Distrubuted hash tables
Distributed hash tables (DHT) are a decentralized distributed system that provides a lookup similar to a hash table. Hash pairs are stored in the DHT and any node connected to the network can efficiently retrieve the value associated with the given name. Responsibility for maintaining the mapping from names to values is distributed among the nodes themselves. Any change in the set of participants causes minimal amounts of disruption to the service as a whole. This allows DHTs to scale to extremely large numbers of nodes and allows them to handle continual node arrivals, departures and failures.
DHTs form an infrastructure that can be used to build more complex services, such as distributed file systems, peer-to-peer file sharing and content distribution systems, cooperative web caching, multicast, anycast, domain name services, and instant messaging. Applications that use DHTs include BitTorrent and eMule.
The research to use DHTs began and was spurred on by the creation of P2P networks such as Napster, Gnutella and Freenet.

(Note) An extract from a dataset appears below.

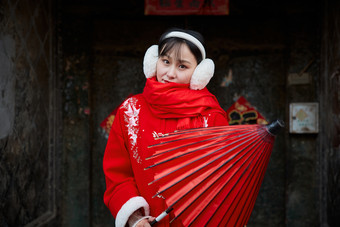 雪后在老城古巷穿着喜庆服饰的亚洲少女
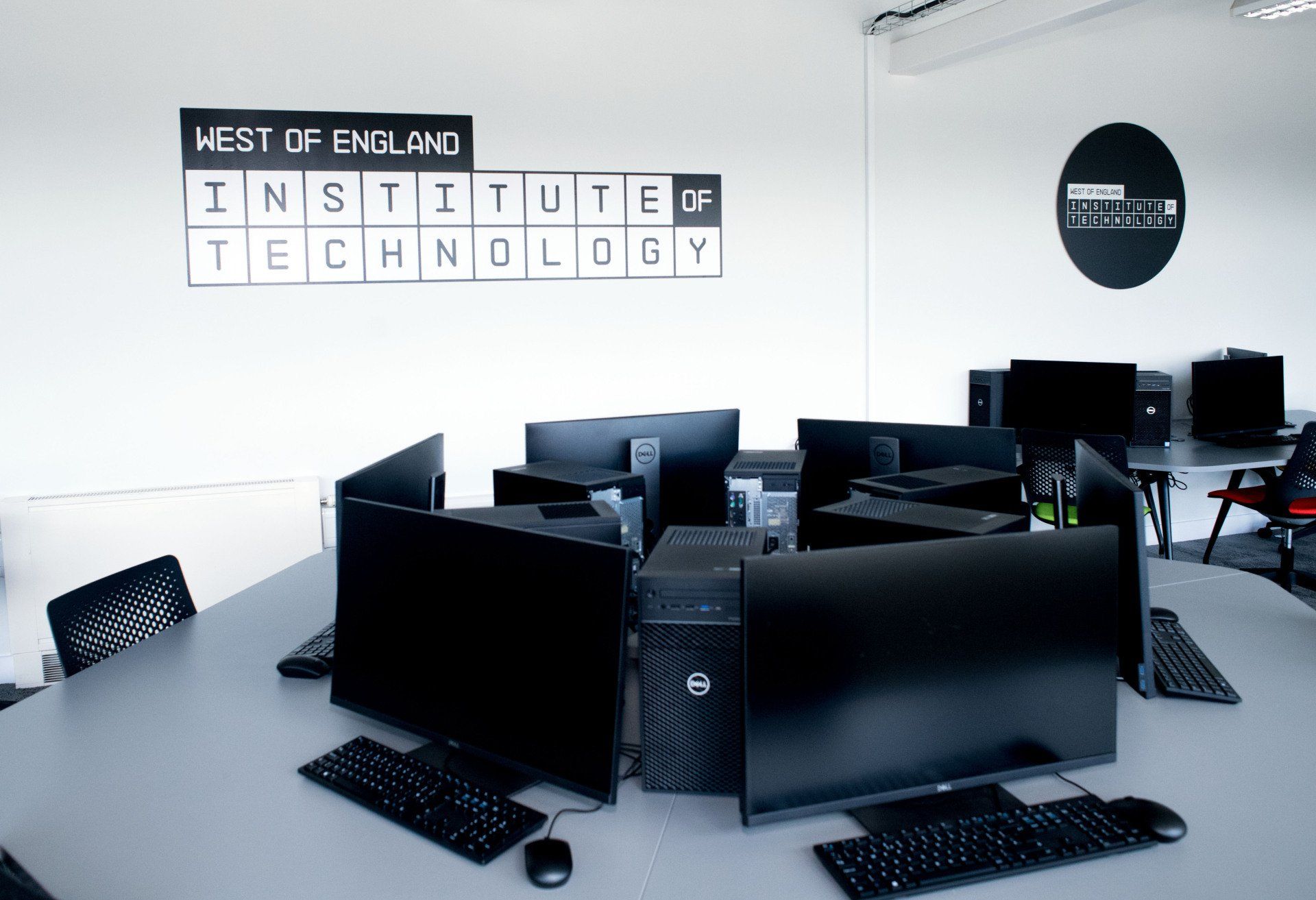 A room with a sign that says west of england institute of technology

These services used resources distributed across the Internet to provide a single useful application. More specifically, they took advantage of the increased Bandwidth and hard disk capacity to provide a file sharing service. These services had a different approach as to how they found data that was contained within a peer. Napster utilized a central index server where each node would broadcast its list of locally held files everytime it joined the network. This central component left the system vulnerable to attacks and eventually lawsuits. Gnutella used a flooding query model where each search would broadcast a message to every machine on the network. This eliminated the possibility of a single point of failure, but was not as efficient. Freenet used a heuristic key based routing scheme where each file was associated with a key, then files and similar keys were grouped together on similar nodes.
DHTs contain the following characteristics:
- Decentralization - Each node collectively forms the system without any central coordination.
- Scalability - The system should function efficiently not matter how many new nodes join.
- Fault tolerance - The system should be reliable even when nodes join, leave or fail.